Why Temperature Matters
Cold speeds up the process and intensifies it. Trans-anethole has a melting point around 20 to 21°C (roughly 68 to 70°F), meaning it starts behaving more like a solid below that temperature. Researchers have documented spontaneous emulsification when the temperature drops to 3°C and the alcohol concentration falls below 40%. This is why traditional absinthe preparation calls for ice-cold water: colder temperatures push the oils out of solution more completely, creating a thicker, more dramatic louche.
It’s also why some anise spirits stored in the refrigerator can develop a persistent cloudiness or even visible crystals. In one study, anethole precipitated out of anise spirits stored at 4°C over several months. Interestingly, sugar helped prevent this: solutions containing sucrose at 125 grams per liter or more stayed clear even at refrigerator temperatures. That’s one reason sweeter anise liqueurs like sambuca tend to remain stable in the cold while drier spirits don’t.

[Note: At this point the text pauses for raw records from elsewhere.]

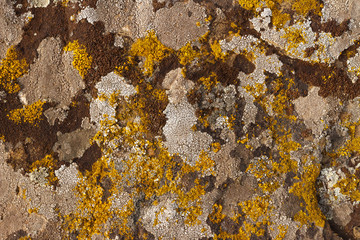 The texture of multi-colored moss on the stones.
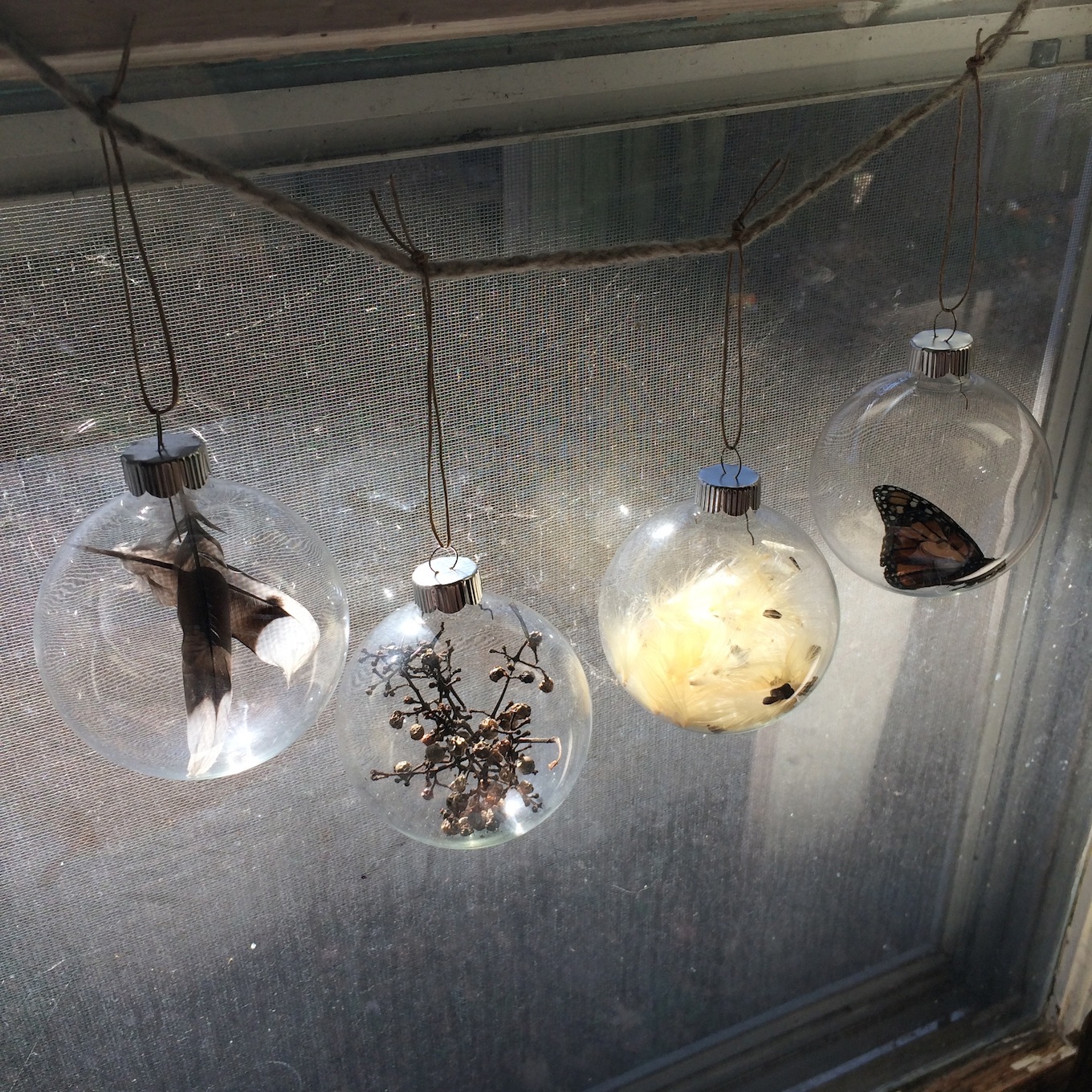 Nature Orbs Provocation
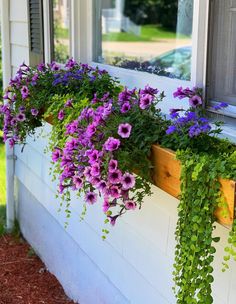 purple flowers are growing in the window boxes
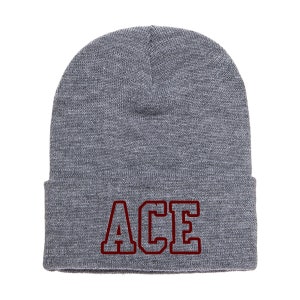 May include: Gray knit beanie with a red embroidered word "ACE" on the front.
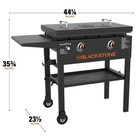 Blackstone 2-burner 28  Propane Flat Top Grill With Hard Cover  Black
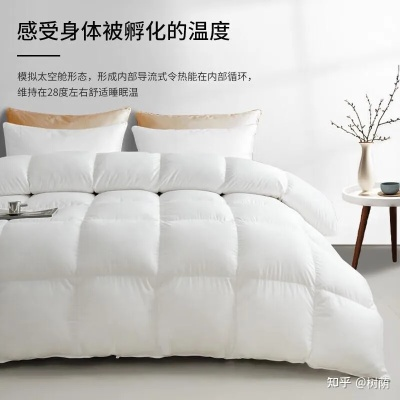 二合一鸭绒被到底值不值？优缺点全解析+选购指南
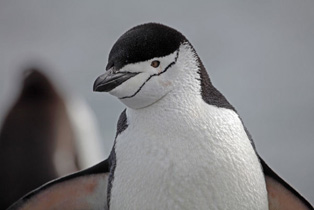 Zügelpinguin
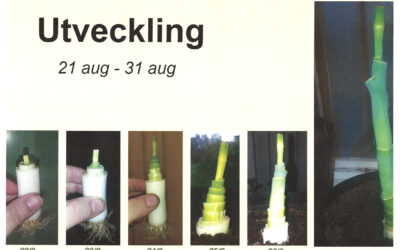 Låt purjolöken återväxa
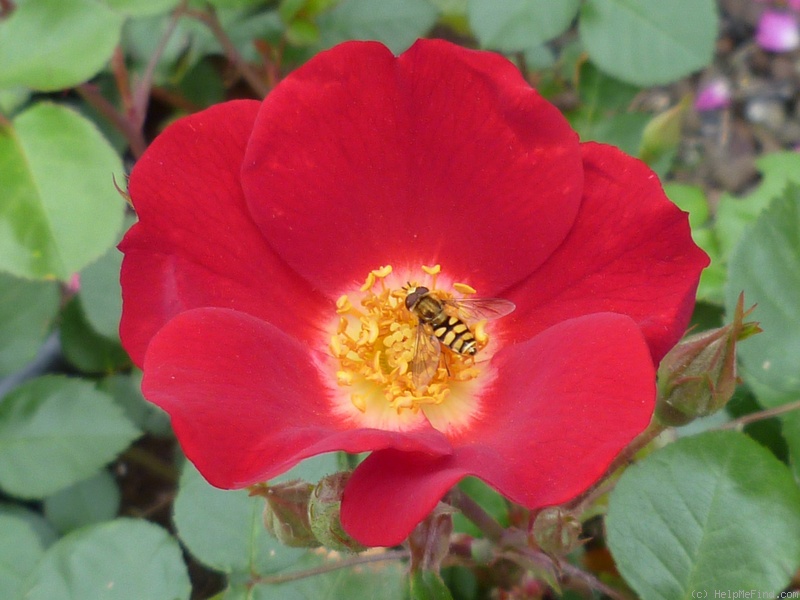'Archimedes' rose photo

The Traditional Preparation
The standard ritual involves slowly dripping ice-cold water over a sugar cube perched on a slotted spoon, letting it fall into the absinthe below. The typical ratio is three to five parts water to one part absinthe, though the ideal amount depends on the specific bottle’s alcohol content. A 72% absinthe needs more water than a 55% one to reach the same drinking strength.
The slow drip isn’t just for show. Adding water gradually lets you watch the louche develop in stages, with ribbons and tendrils of cloudiness curling through the glass before the whole drink turns opaque. This visual transformation was part of absinthe’s appeal in 19th-century France, where the late-afternoon drinking ritual was called l’heure verte, “the green hour.” The drink earned the nickname la fée verte (the green fairy) partly because of this almost magical visual shift.
What the Louche Tells You About Quality
The louche is actually a reliable test of authenticity. A properly distilled absinthe, made by macerating and then distilling real botanicals, will contain enough essential oils to produce a rich, milky cloudiness when water is added. If your absinthe doesn’t louche at all, that’s a red flag. It typically means the producer skipped proper distillation and instead mixed neutral alcohol with artificial flavorings and colorings. These chemical additives don’t contain the hydrophobic oils needed to create the effect.
Some lower-quality brands contain small amounts of essential oils but not enough to produce a visible louche. The best absinthes produce a dense, layered cloudiness with good “legs,” meaning the louche forms slowly and completely rather than appearing thin or patchy. The color of the louche also matters. Naturally colored absinthe shifts from green to a pearly, yellow-green opalescence. Artificially dyed versions often just look like murky green water.
Other Spirits That Do the Same Thing
Absinthe isn’t the only drink that clouds up with water. Any spirit containing enough anise or similar essential oils will do it. Ouzo, pastis, raki, arak, and sambuca all louche to varying degrees because they all contain trans-anethole. Limoncello does it too, though its oils come from lemon peel rather than anise. The underlying chemistry is identical in every case: hydrophobic oils held in solution by ethanol, forced out by dilution with water, forming a spontaneous microemulsion of nanoscale droplets that scatter light into a milky haze.